▸ Exercise instructions
Look through the material below. Return exactly the lines from the one with "Friends stretching on" through the one with "Wide shot of", both included.

*** Input data Section Begins ***

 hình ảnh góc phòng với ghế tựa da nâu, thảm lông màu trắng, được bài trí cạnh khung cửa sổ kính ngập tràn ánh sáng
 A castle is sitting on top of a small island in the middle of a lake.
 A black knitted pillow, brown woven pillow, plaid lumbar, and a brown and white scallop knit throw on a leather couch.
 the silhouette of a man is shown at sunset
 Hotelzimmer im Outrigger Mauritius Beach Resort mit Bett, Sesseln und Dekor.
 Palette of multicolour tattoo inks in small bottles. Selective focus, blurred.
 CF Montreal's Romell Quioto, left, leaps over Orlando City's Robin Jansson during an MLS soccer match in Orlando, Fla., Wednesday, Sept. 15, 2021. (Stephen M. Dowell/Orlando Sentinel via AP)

*** Input data Section Ends ***
*** Input data Section Begins ***

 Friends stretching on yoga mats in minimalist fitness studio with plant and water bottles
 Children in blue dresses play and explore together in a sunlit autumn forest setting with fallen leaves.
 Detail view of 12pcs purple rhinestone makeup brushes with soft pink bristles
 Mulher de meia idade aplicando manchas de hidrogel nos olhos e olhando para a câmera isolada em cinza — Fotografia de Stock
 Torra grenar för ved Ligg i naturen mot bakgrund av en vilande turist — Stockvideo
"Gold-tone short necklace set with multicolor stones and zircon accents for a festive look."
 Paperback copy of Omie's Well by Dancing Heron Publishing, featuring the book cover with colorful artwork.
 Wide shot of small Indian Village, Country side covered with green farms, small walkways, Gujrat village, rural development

*** Input data Section Ends ***

▸ Result of this task
 Friends stretching on yoga mats in minimalist fitness studio with plant and water bottles
 Children in blue dresses play and explore together in a sunlit autumn forest setting with fallen leaves.
 Detail view of 12pcs purple rhinestone makeup brushes with soft pink bristles
 Mulher de meia idade aplicando manchas de hidrogel nos olhos e olhando para a câmera isolada em cinza — Fotografia de Stock
 Torra grenar för ved Ligg i naturen mot bakgrund av en vilande turist — Stockvideo
"Gold-tone short necklace set with multicolor stones and zircon accents for a festive look."
 Paperback copy of Omie's Well by Dancing Heron Publishing, featuring the book cover with colorful artwork.
 Wide shot of small Indian Village, Country side covered with green farms, small walkways, Gujrat village, rural development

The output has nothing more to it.